Framework for measurement of the intensity of motion activity of video segments

https://doi.org/10.1016/j.jvcir.2004.04.007Get rights and content

Abstract

We present a psychophysical and analytical framework for comparing the performance of motion activity measures for video segments, with respect to a subjective ground truth. We first obtain a ground truth for the motion activity by conducting a psychophysical experiment. Then we present several low-complexity motion activity descriptors computed from compressed domain block motion vectors. In the first analysis, we quantize the descriptors and show that they perform well against the ground truth. The MPEG-7 motion activity descriptor is also among the best performers. In the second analysis, we examine the specific cases where each descriptor fails, using a novel pair-wise comparison method. The analytical measures overestimate or underestimate the intensity of motion activity under strong camera motion or extreme camera angles. We finally discuss the experimental methodology and analysis methods we used, and possible alternatives. We review the applications of motion activity and how our results relate to them.

Introduction

Indexing of the vast amounts of digital video content for browsing, retrieval and summarization purposes has been an active research topic in recent years. The MPEG-7 standard for the description of multimedia metadata is developed to cover key technologies in this area. It covers a number of features, or descriptors (Ds), of video content such as shape, color, motion, etc., used for indexing. Motion activity is one of the descriptors included in the MPEG-7 specification (Jeannin and Divakaran, 2001; MPEG, 1999).

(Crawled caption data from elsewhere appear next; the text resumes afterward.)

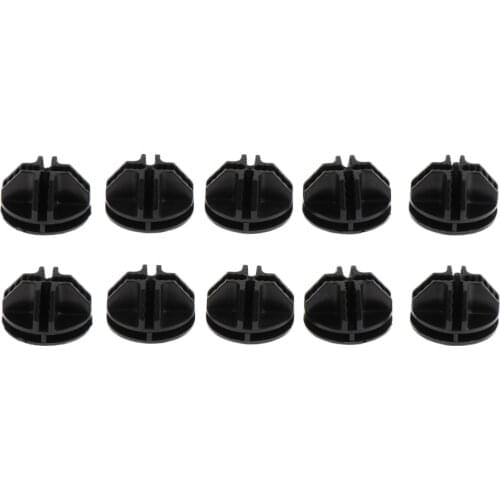 Black Plastic Grid Connectors for DIY Modular Closet Cabinet 10 Set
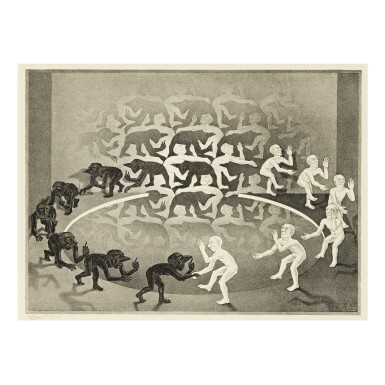 View full screen - View 1 of Lot 84. M. C. ESCHER | ENCOUNTER (B./K./L./W. 331).
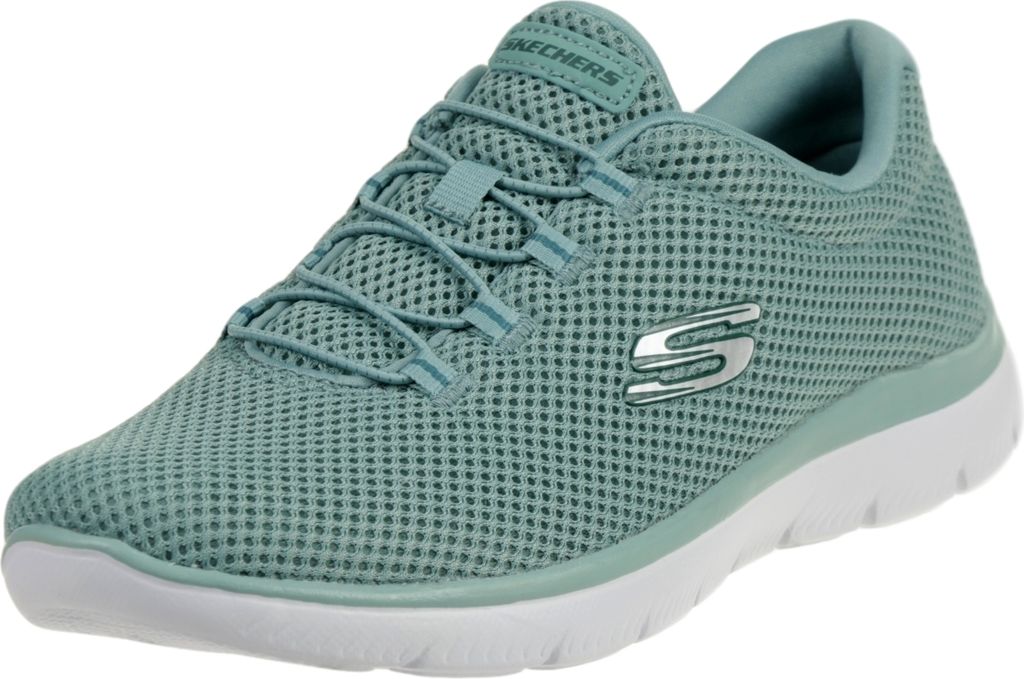 Skechers Damen Slipper türkis 40 Sneaker
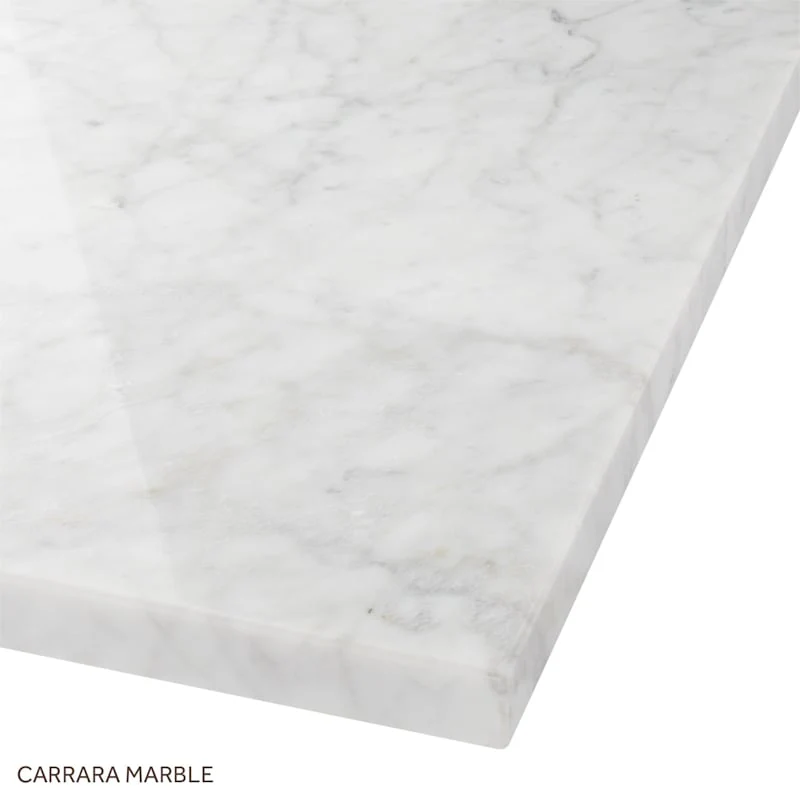 Signature Hardware Robertson 72" Double Vanity Set – Brushed White Mahogany Cabinet, Quartz Top, Rectangular Undermount Sinks, 8" Widespread / 1-1/2" Faucet Holes - Image 8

The intensity of motion activity is a subjective measure of the perceived intensity, or amount, of motion activity in a video segment. A talking head in an interview is usually a low activity segment, whereas a close-up shot of a slam-dunk in basketball is perceived as high activity. Note that it is different from camera or global motion in that it considers the overall perceived intensity of motion activity in the scene.

A number of low-complexity measures have been used to describe such motion activity characteristics of video segments (Akutsu et al., 1992; Ardizzone et al., 1999; Divakaran and Peker, 2001; Divakaran et al., 2001; Kobla et al., 1997; MPEG, 1999; Wolf, 1996). Pfeiffer et al. use a combination of image and audio features to determine the activity level of video segments and use that information in selecting interesting segments from video for summarization (Pfeifer et al., 1996). Vasconcelos et al. use a ‘tangent distance’ between consecutive frames as the measure of motion activity, and use it to characterize video sequences in terms of their action or romance content (Vasconcelos and Lippman, 1997). Wolf uses the mode of motion vector magnitudes as the measure of activity level, which he then uses to find the most still image in a video segment, and selects it as a representative frame (Wolf, 1996). The motion activity descriptor used in MPEG-7 is the variance of the motion vector magnitudes, which is readily computable from MPEG compressed video streams (MPEG, 1999). Motion activity is interpreted as a measure of “summarizability” or the entropy of a video segment in (Divakaran and Peker, 2001; Divakaran et al., 2001), and based on this interpretation, the average of magnitudes of block motion vectors is used in summarizing video segments. A similar motion activity descriptor is used in detecting interesting events in sports video (Peker et al., 2002; Xie et al., 2002).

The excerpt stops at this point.